Comment 20 Laurent Vivier 2021-01-15 08:54:22 UTC

(In reply to Lukas Doktor from comment #19)
> Hello Laurent, have you considered using a ramdisk for testing purposes?

I will do that for my next tests.

For the moment, I think the problem comes from the fact we use fio with 16 jobs shared on 64 CPUs, but we have only 1 virtqueue to process the jobs.

So I think CPUs are fighting each other to access the virtqueue. v5.2.0 has introduced a new behavior where the number of virtqueue is equal to the number of CPUs.
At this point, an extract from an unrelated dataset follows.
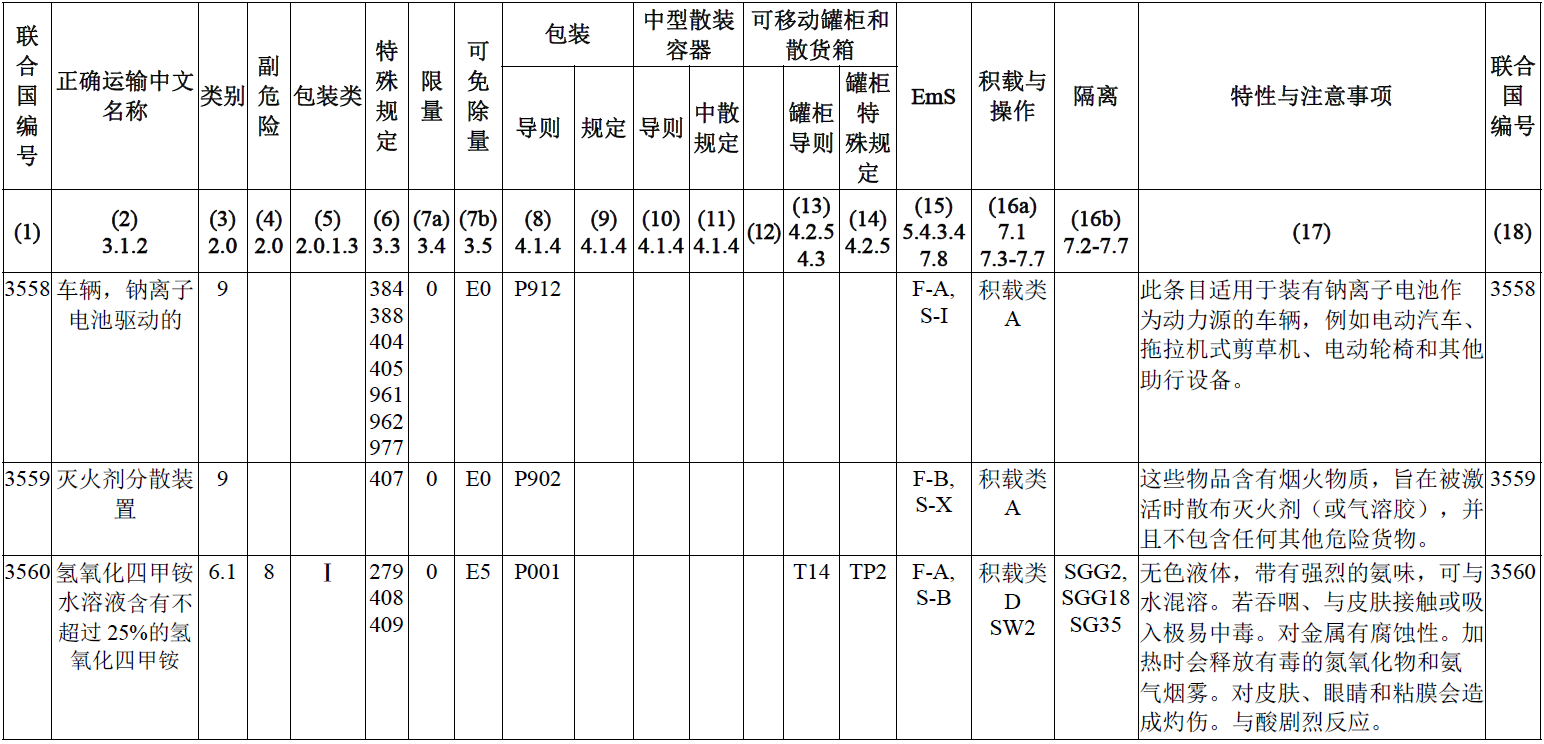 海運,國際海運危險貨物規則,鋰離子電池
It could explain why v5.2 behaves better, but this is not enough to remove the high variability we have on one run to another (on host it is very stable).

Comment 21 Laurent Vivier 2021-02-01 10:42:14 UTC

Deferred to RHEL 8.5.0 as I don't have a fix for the moment.

Comment 22 David Gibson 2021-05-26 05:47:40 UTC

Seems unlikely we'll get this ready for 8.5 either, deferring to backlog.

Comment 24 Xujun Ma 2021-07-05 07:32:14 UTC

Sometimes, I can't reproduce this problem with some hosts, it seems to be related to the host environment.
We can close this bug first because of unstable result.